This thread is focused on an issue with the sync command’s initial comparison between source and destination been slow. Not the file transfer operation itself. Can i suggest you post issues with multi threading performance as a separate issue?
Hi @zezha-msft, thanks for the quick answer. In my process explorer, I saw a lot of threads running but the CPU usage was limited. Are there an option to control parallel execution or not, maybe the user interface is not showing enough what is currently done in parallel and/or chunked. For failures, I have often this error
The CPU is often low (3%), but obviously using a lot of some resources so few minutes after start execution VSCode and other applications switch to not responding mode, which is annoying.
Compare to gsutil sync the azcopy sync performance are really very bad. Using macOS Mojave.

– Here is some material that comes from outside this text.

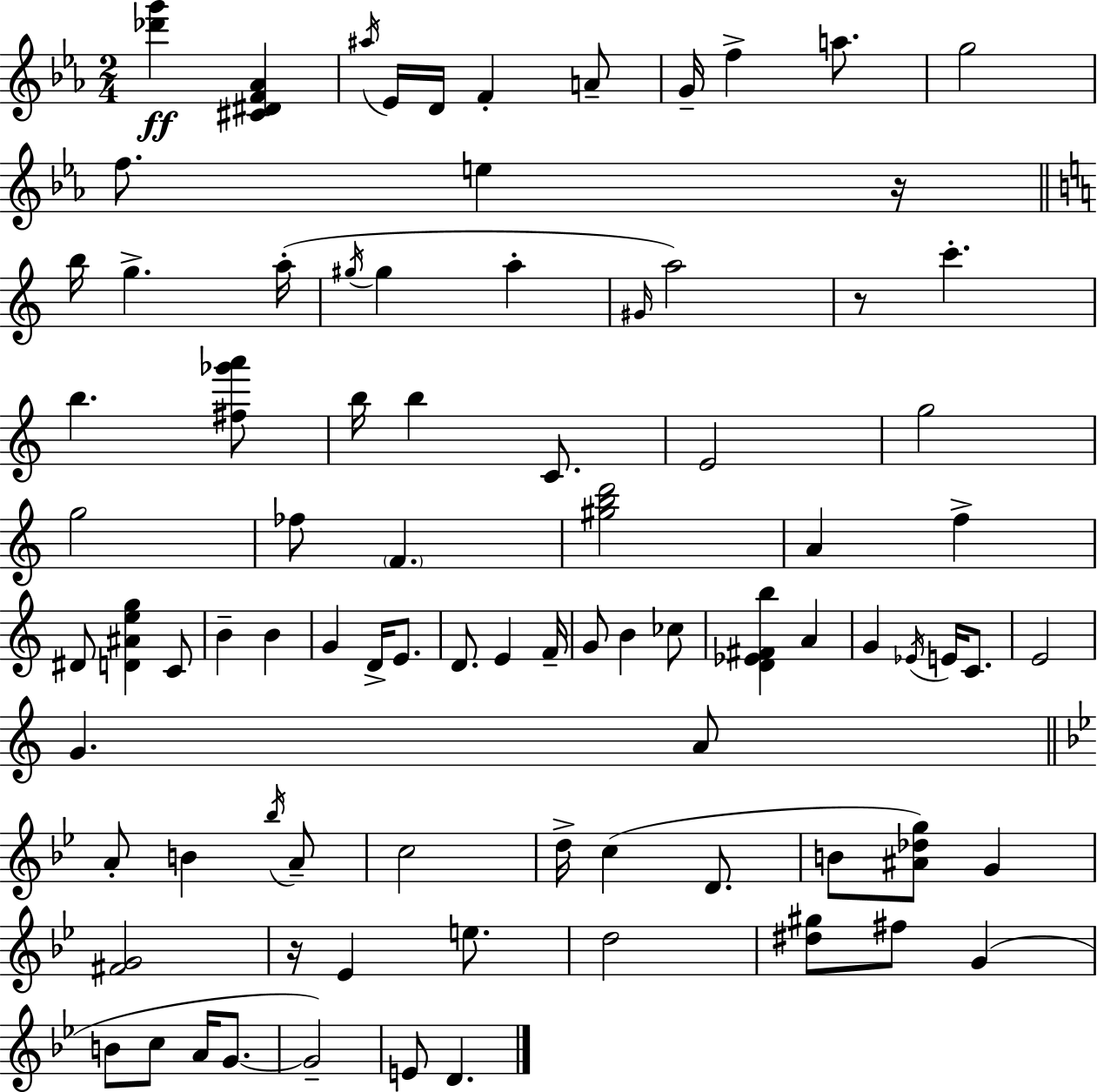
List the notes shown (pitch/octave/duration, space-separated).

Azcopy being written in go in large part, expected higher performance than gsutil/boto written in Python.
Related to slow performance extra observations:
Well i tested two scenarios. The local file empty and the blob empty. (definitely reproducible)
When syncing from the localfile to blob (with blob empty) it took 31 mins before the job even started. But syncing back down to the local file from the blob was lightning fast. see below.
10000 files on local file (source) – empty on blob (destination) - 31mins to start job 10000 files on blob (source) - empty on local file (destination) - less than 1 minute to start.
seems like its taking a long time to queue the transfer to the blob when syncing,
~10000 files. 1.4GB. An azure copy took less than 2 minutes. Basically azcopy accepts the command and prints nothing for about 30 minutes.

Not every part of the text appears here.